Overview
Joseph Isaac Miranda is a PhD candidate in the Department of Literatures in English at Cornell University and a Ford Dissertation Fellow. His teaching and research interests converge around post-1960s Latinx literature and culture, queer of color critique, and performance and media studies. His dissertation, “Browning Out: Suspended Relations in Latinx Aesthetics,” uses contemporary Latinx literature and visual media to look at the underexamined aesthetic stakes and political implications of the Insular Cases on the management of US difference over the 20th century (Spanish-American War, mid-century Liberation Movements, end of the Bracero Program, the AIDS crisis). He connects these seemingly disparate state relations to highlight the abeyed forms of belonging (withheld sovereignty, limited mobility, and suspended self-possession) that concepts of the nation and citizenship offer Latinx.

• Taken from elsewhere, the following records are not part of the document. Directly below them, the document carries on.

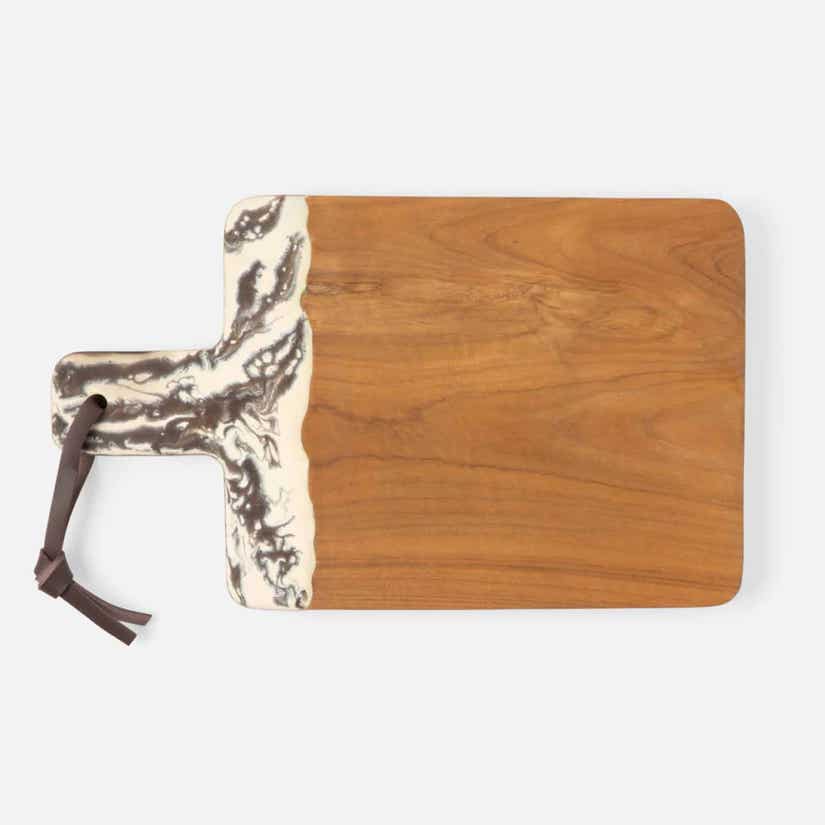 AUSTIN Swirled Serving Board Resin/Natural Teak 19.5x12.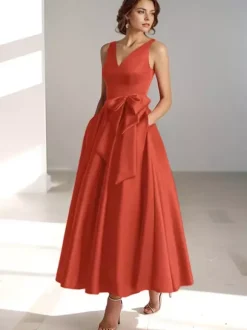 Robe de mère de mariée robe d'invitée de mariage a-line col V sans manche décoré de noeud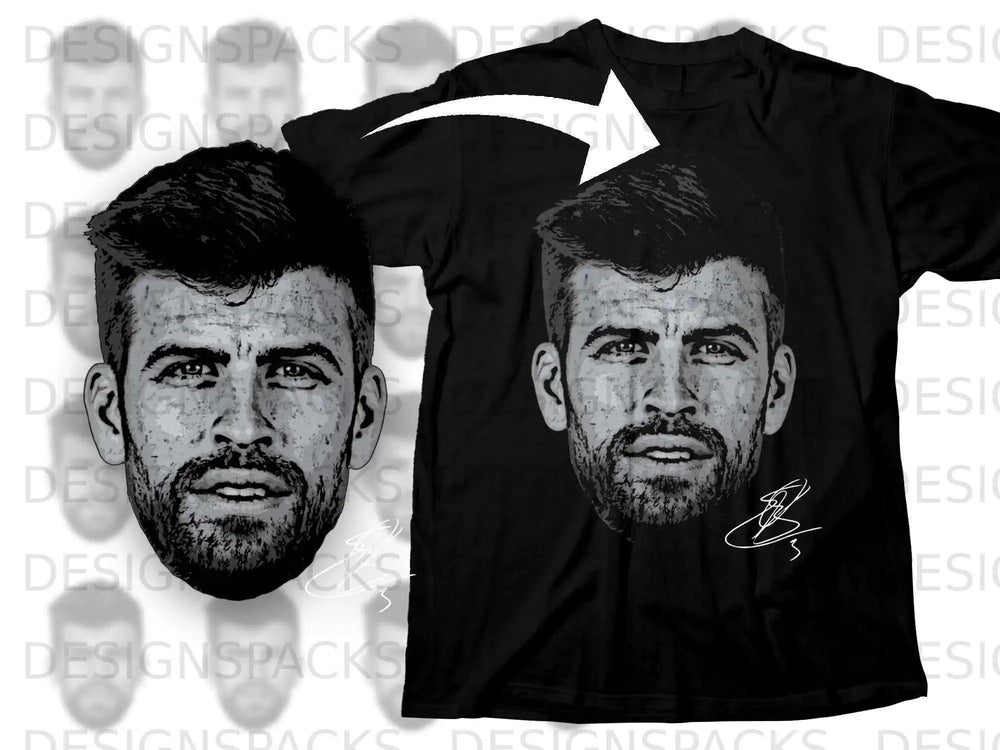 Black T-shirt with Large Face Graphic Design
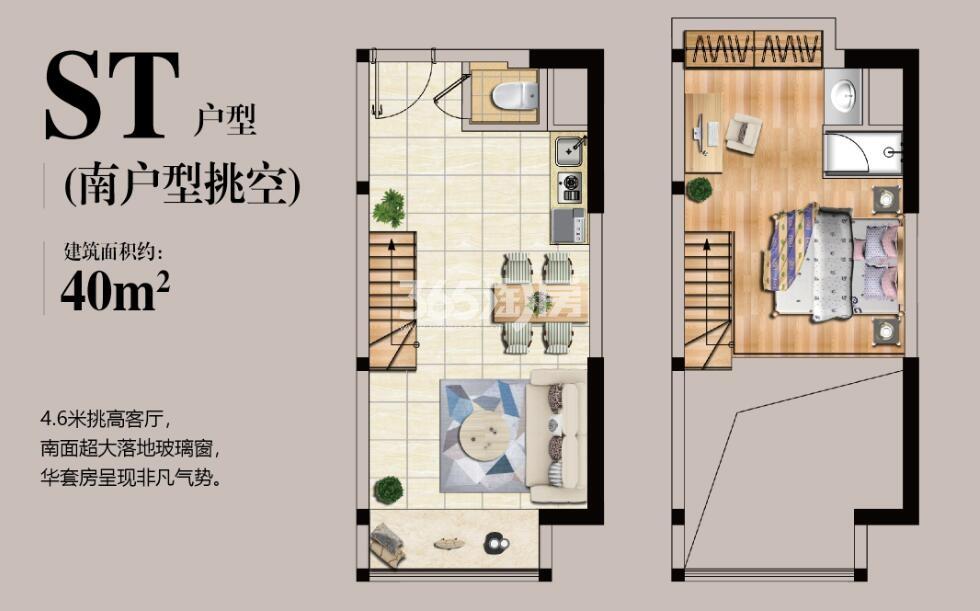 中堂嶺寓ST南户型挑空40平户型图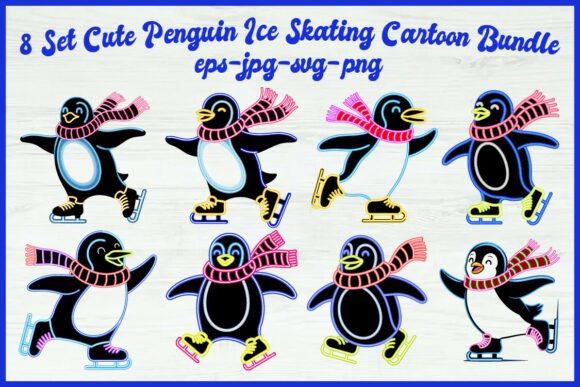 Evaluating the 8 Cute Penguin Ice Skating Cartoon Set for Winter Design Projects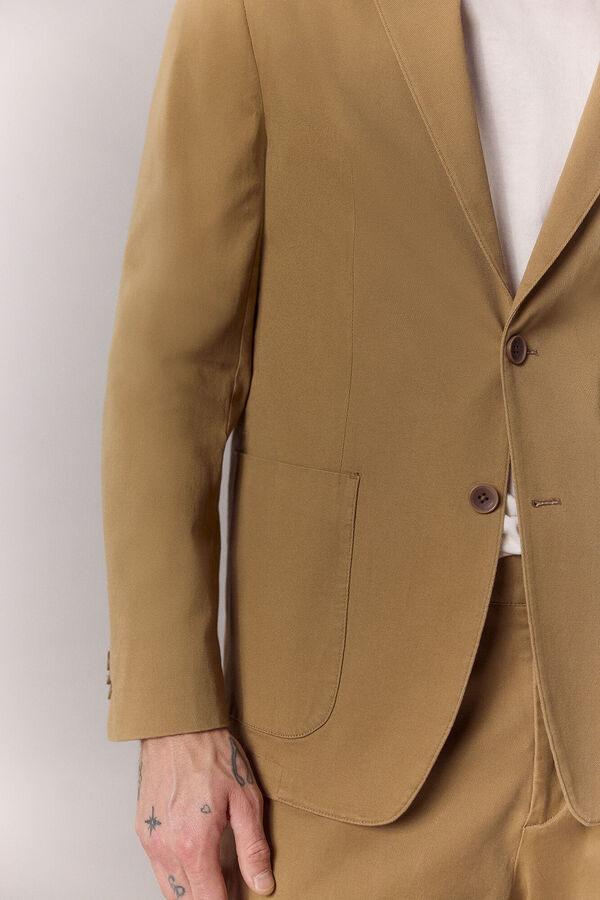 OOTO Blazer coordenado em algod&atilde;o Castanho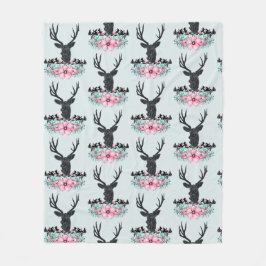 Hjort Head w/ Rosa Flowers & Mountain Mönster Fleecefilt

He argues contemporary Latinx creatives (Manuel Muñoz, Tanya Saracho, Justin Torres) experiment with a set of genres (bildungsroman, televisual realism, linked stories) and aesthetic practices (montage, collage, fragmentation, ensemble) to depict the alternative structures of obligation that flourish without state recognition and outside categories of citizen, nation, or heteronormative family.
Joseph has been a Shin Yong-Jin Fellow (2021), the co-organizer of “In/Difference: A Queer of Color Speaker Series” and a founding member of the endowed Institute for Comparative Modernities reading group, “Bound.” His writing on Latinx literature and culture is forthcoming in Atravesados: Essays on Queer Latinx Young Adult Literature.